Jenga Towers of Knowledge

This is how I'm coming to see knowledge. Hopefully this isn't my knowledge tower, because it looks like it's going down. Photo taken from:

“We can know only that we know nothing. And that is the highest degree of human wisdom.”

Leo Tolstoy, War and Peace

Some of the most fundamental concepts in human cognition are perception, understanding, and knowledge, I distinguish them mentally but why? Are they distinct concepts or different stages of the same process?

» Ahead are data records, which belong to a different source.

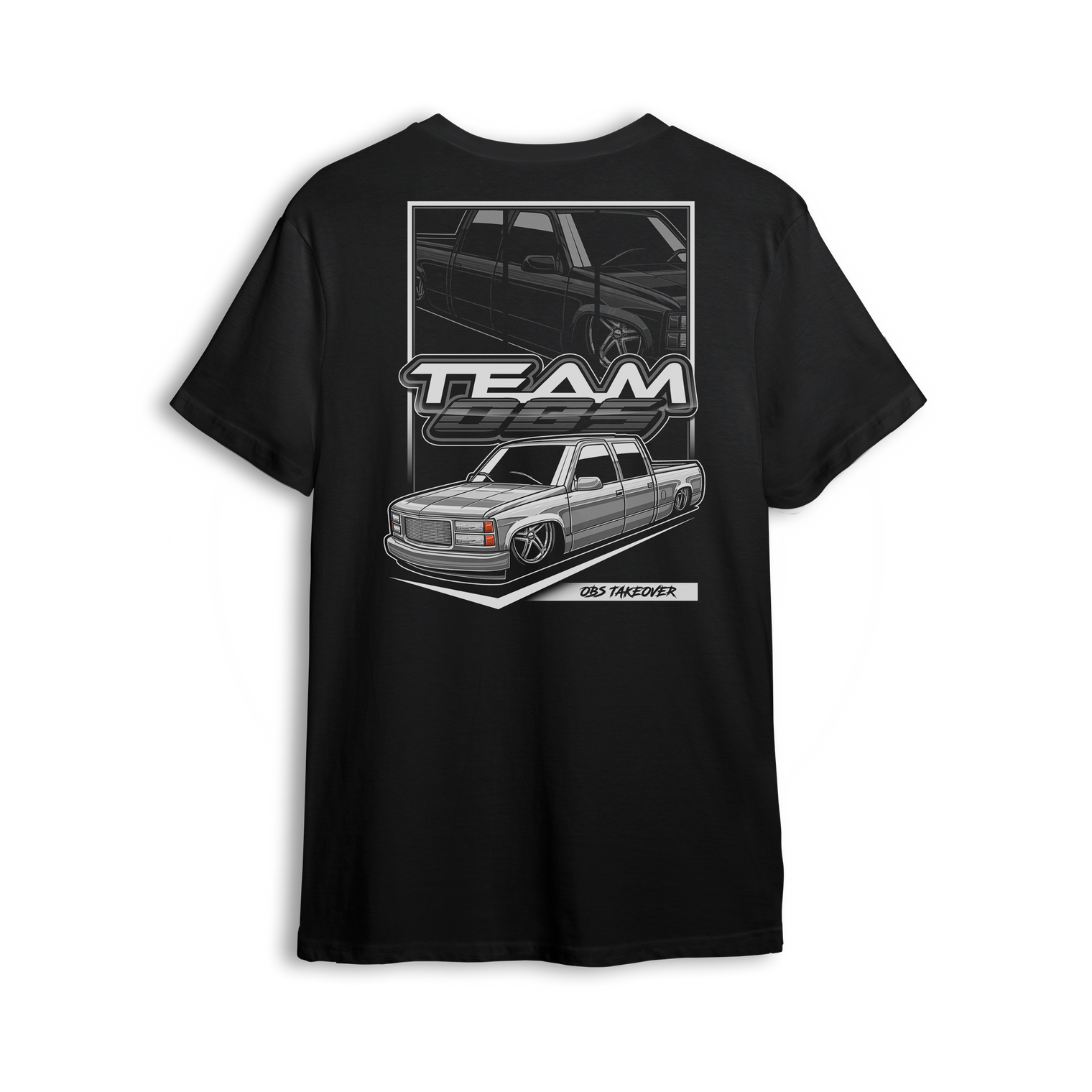 Tuck N Roll t-shirt featuring white OBS truck with tucked wheels and custom stance. A clean nod to the real drop scene.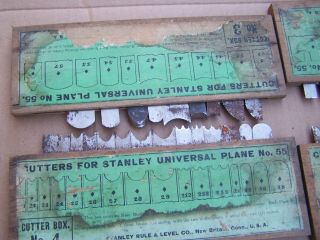 Stanley No.  55 combination woodworking hand plane with 55 cutters and box 10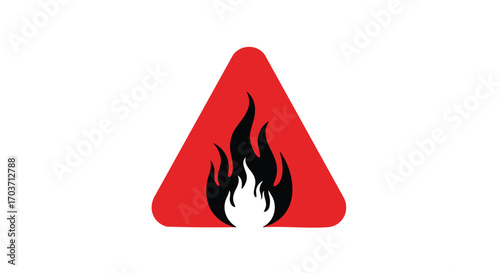 Red triangular warning sign with a graphic of flames, indicating a fire hazard.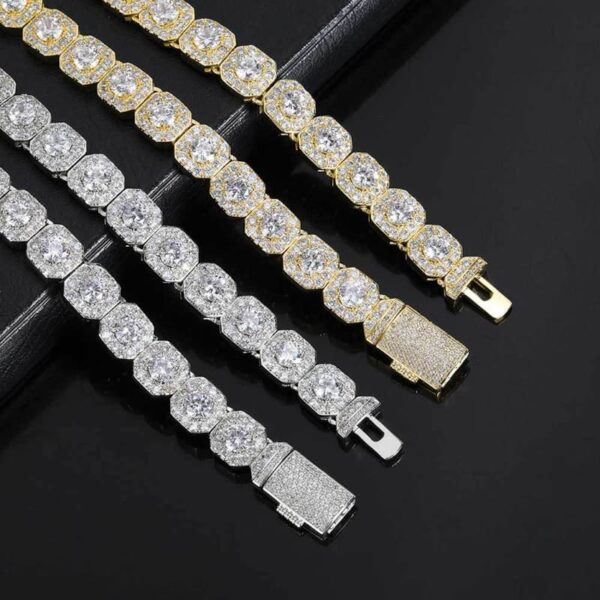 Iced out gold-plated and white tennis link chains, 18K hip hop jewelry for men and women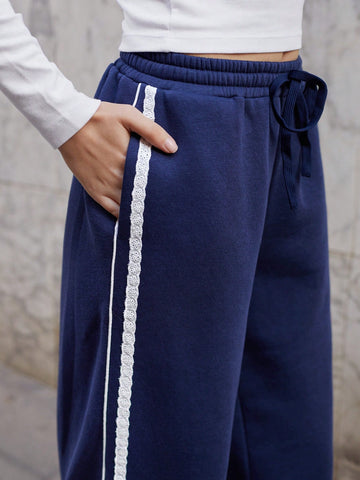 Maija Women's Tie-Waist Side Stripe Loose Casual Sweatpants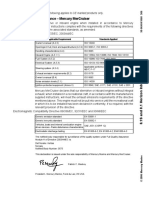 Declaration of Conformance - Mercury Mercruiser: Applicable Requirement Standards Applied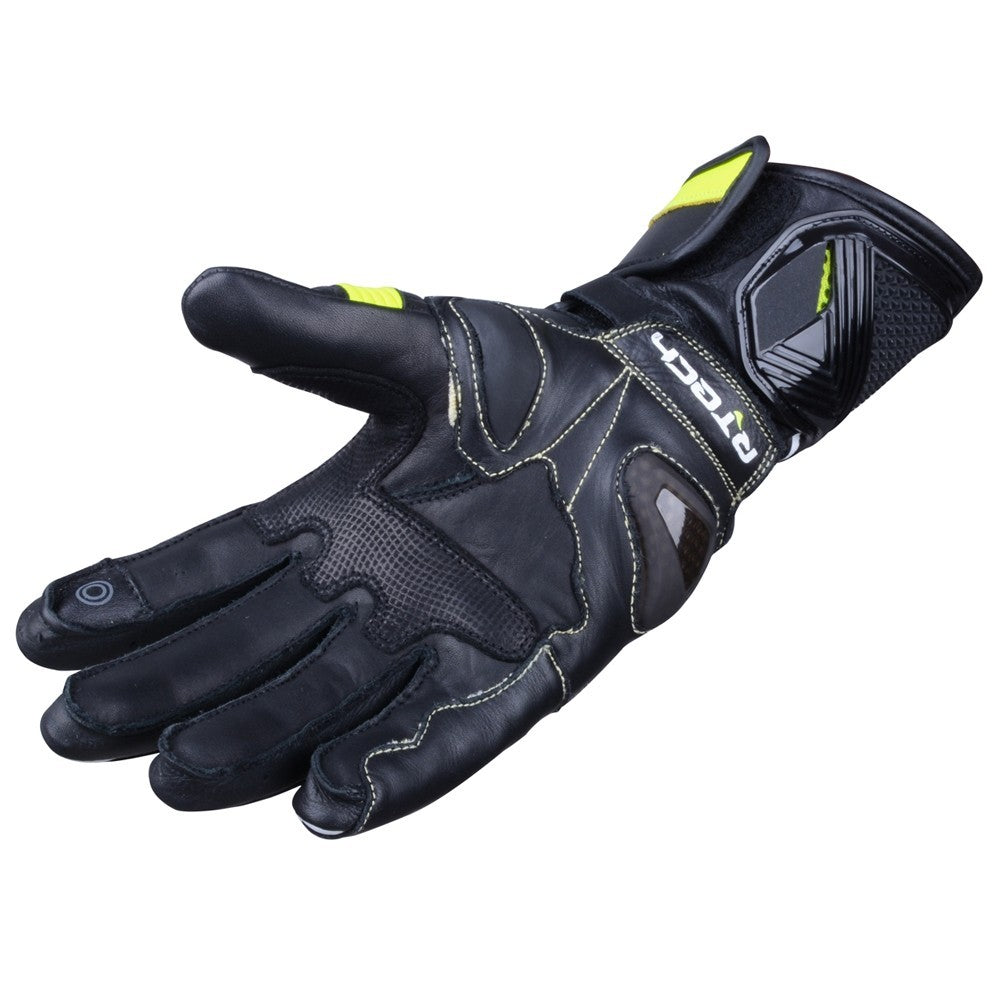 R-TECH - Guante Piel Robo Man Negro/Amarillo Fluor - SECURTEX MOTOR S.L (t/a MaximoMoto)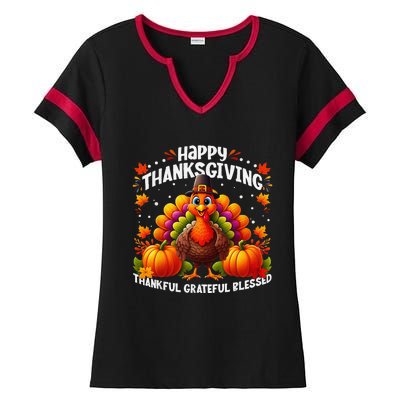 Thankful Grateful Blessed Happy Thanksgiving Turkey Women Ladies Halftime Notch Neck Tee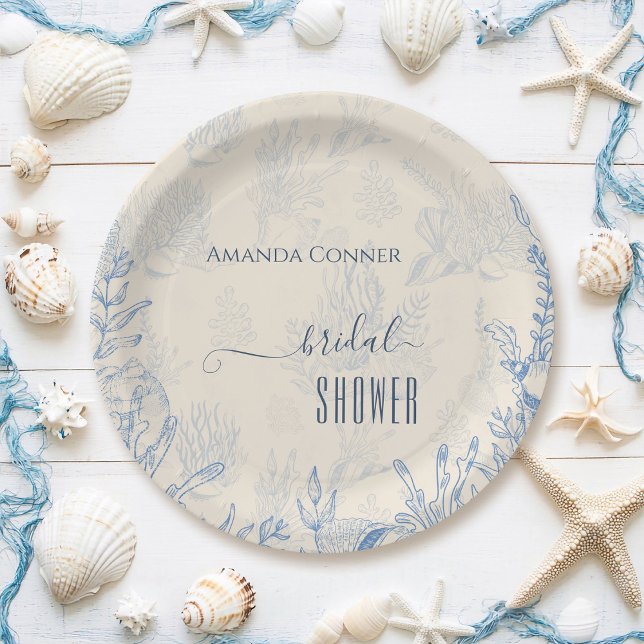 Assiettes En Carton Bleu toile Fête des mariées océanique (Créateur téléchargé)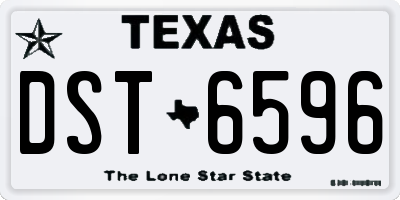 TX license plate DST6596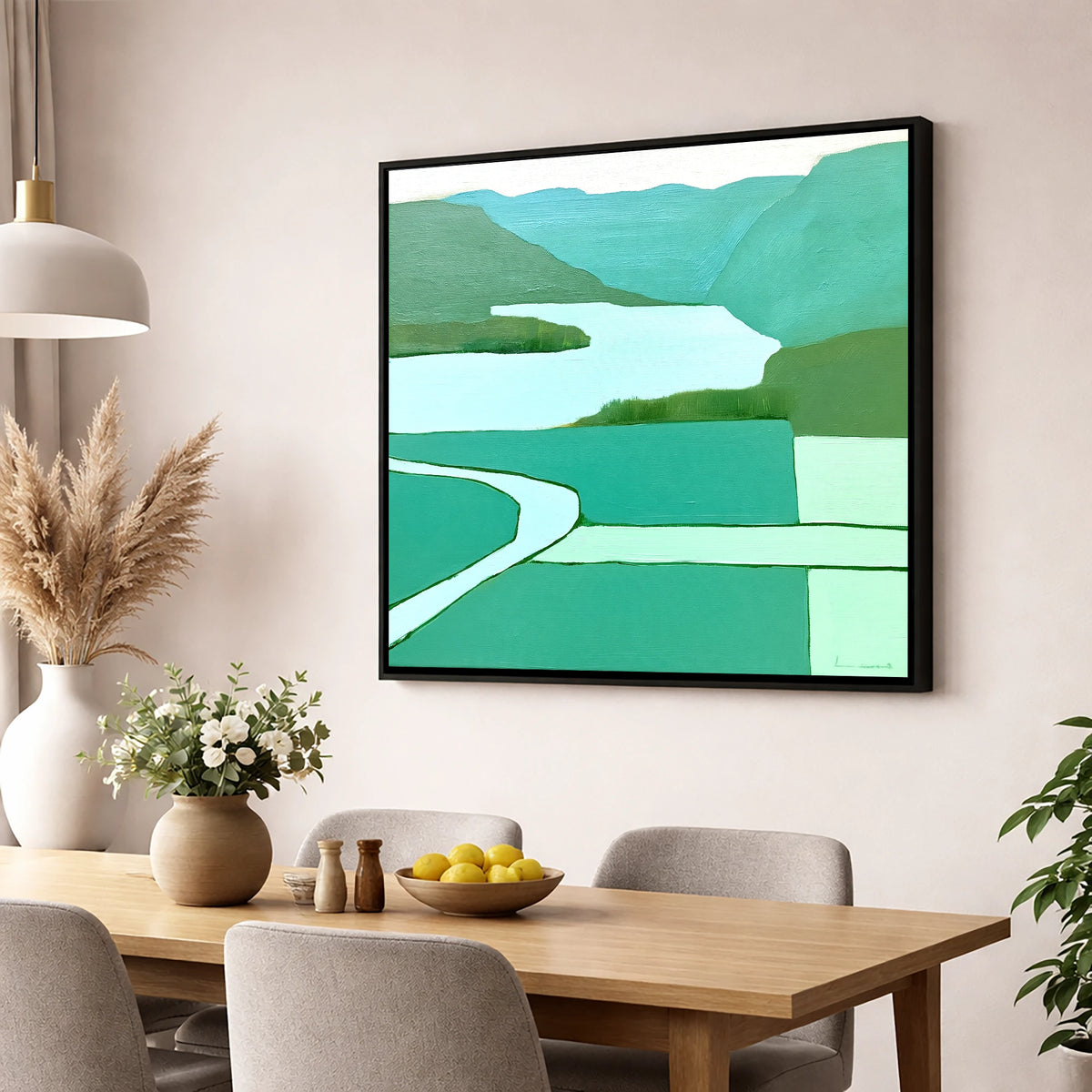 Aerial Elter Water in Teal lake district lake wall art displayed in a dining room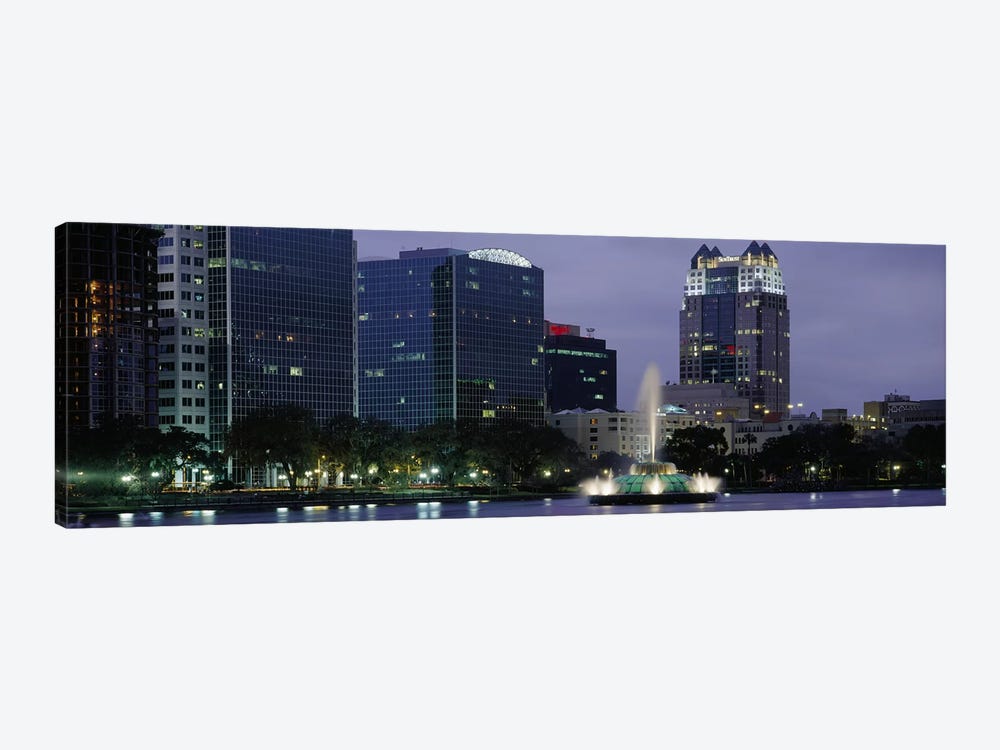Fountain in a lake lit up at night, Lake Eola, Summerlin Park, Orlando, Orange County, Florida, USA #2 by Panoramic Images 1-piece Canvas Art Print
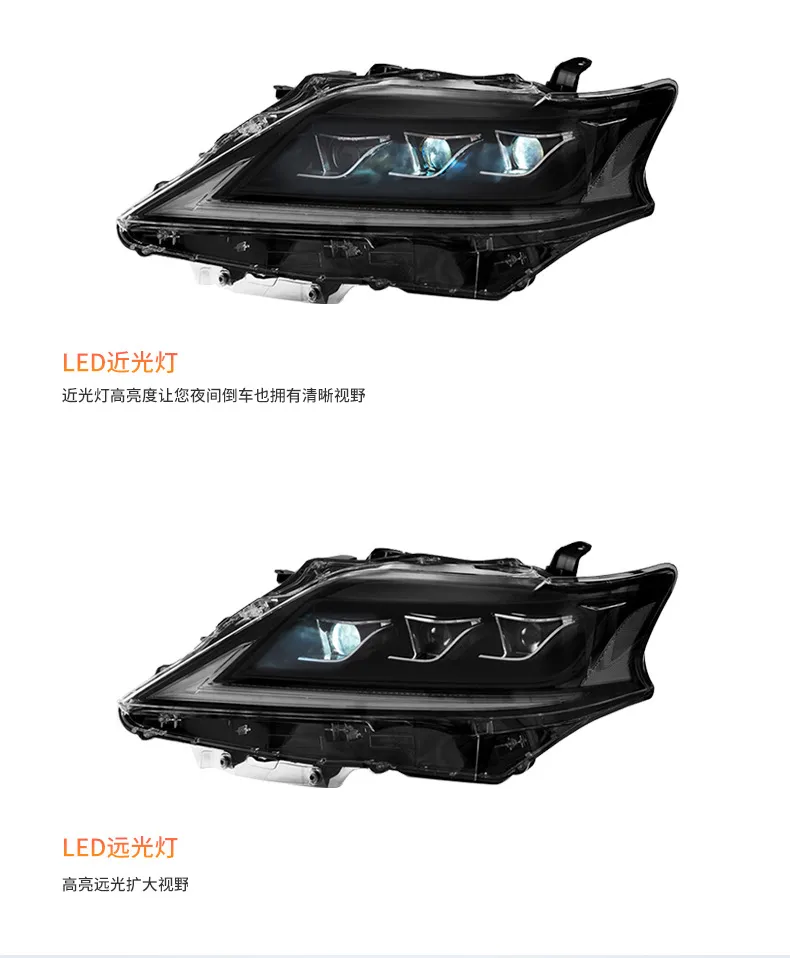 Car Headlights For Lexus RX350 2012-2014 Headlights LED DRL Running Light Dynamic Turn Signal Lights Assembly
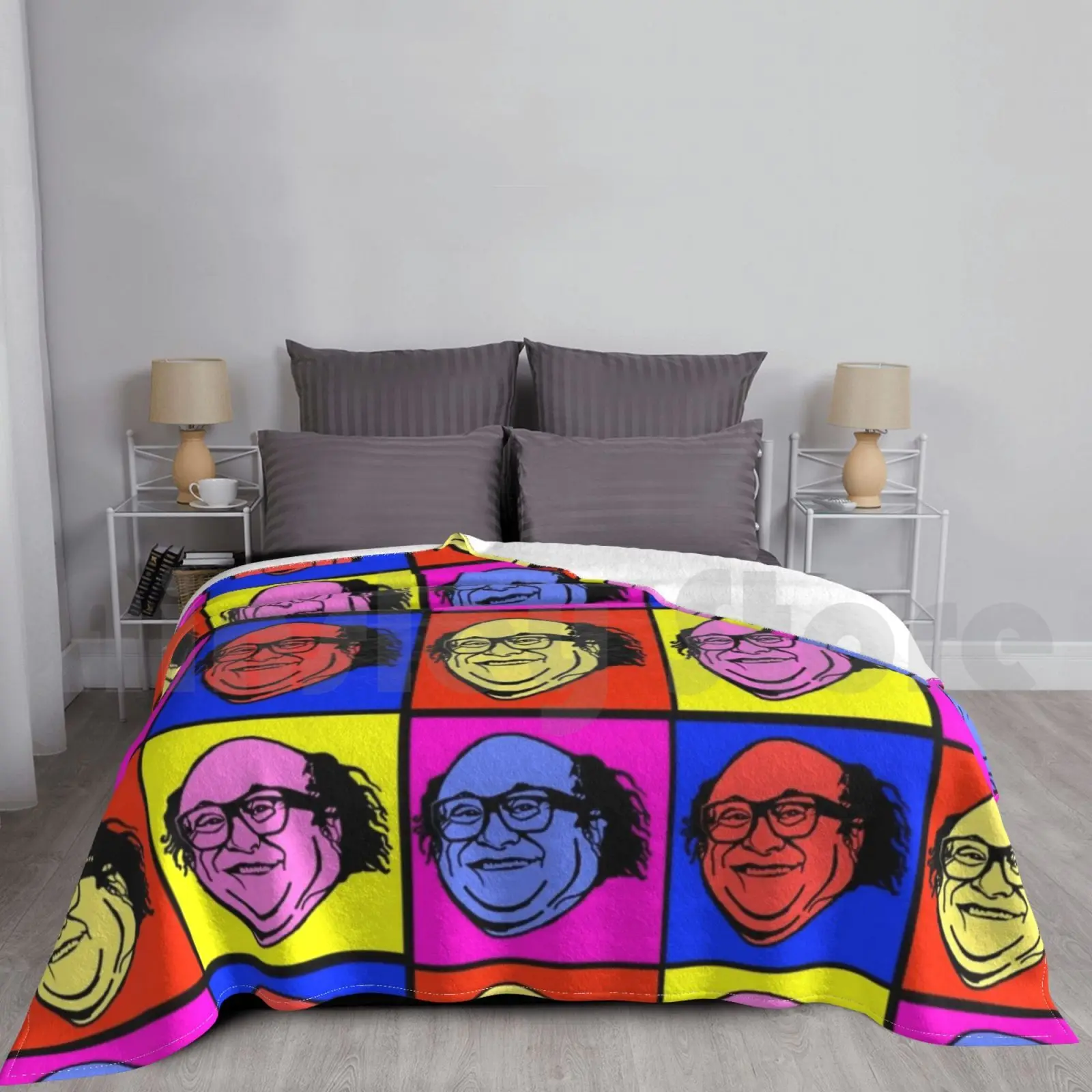 Danny Devito Pop Art Blanket For Sofa Bed Travel Danny Devito Pop Art Sticker Red Crate Danny Devito Pop Art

This is how I'm coming to see knowledge. Hopefully this isn't my knowledge tower, because it looks like it's going down.  Photo taken from:

This is how I’m coming to see knowledge. Hopefully this isn’t my knowledge tower, because it looks like it’s going down.
Photo taken from: here

Now that I am questioning everything, I am starting to see learning and the accumulation of knowledge as the progressive construction of a Jenga tower. When we are kids we are not very good at this – our understandings are constantly challenged and the tower falls down a lot. We see a four legged animal with a tail and call it a dog, our parents then correct us. This animal meows, it is therefore a cat. Then we go to the zoo and see a lion, which looks nothing like the cat at home, but we are told that that too is from the cat family.

So I’ve come up with a pretty good mental image of knowledge and learning, but what struck me was the way we share and communicate this knowledge. In cross-cultural psychology a few weeks ago we talked about Whorf’s hypothesis. This is the idea that we all think mostly in words, since we speak different languages, the actual thought content and processes must be different cross-culturally. Which makes sense intuitively, but still I sat back and tried to simply imagine something without thinking of the word or using a word to call an image to my mind. I couldn’t do it. Reasoning that perhaps it was the conscious awareness of this theory that was making this task so difficult, I decided to rally up some guinea pigs. One very confused Starbucks employee and 4 friends later, I came to the conclusion that while the jury is still out on its utility in resolving the relativism/universalism debate, its premise is pretty solid.

So language is a fundamental part of our knowledge and thought processes. In almost every part of the world acquisition of language is a fundamental part of development. If the child fails to learn to speak, barring any organic causes such as being mute or deaf, we assume something is psychologically or physiologically wrong with the child. And with good reason. As inherently social creatures, the ability to speak is fundamental in our ability to communicate and connect with the world, which would theoretically increase the odds of an individual’s survival.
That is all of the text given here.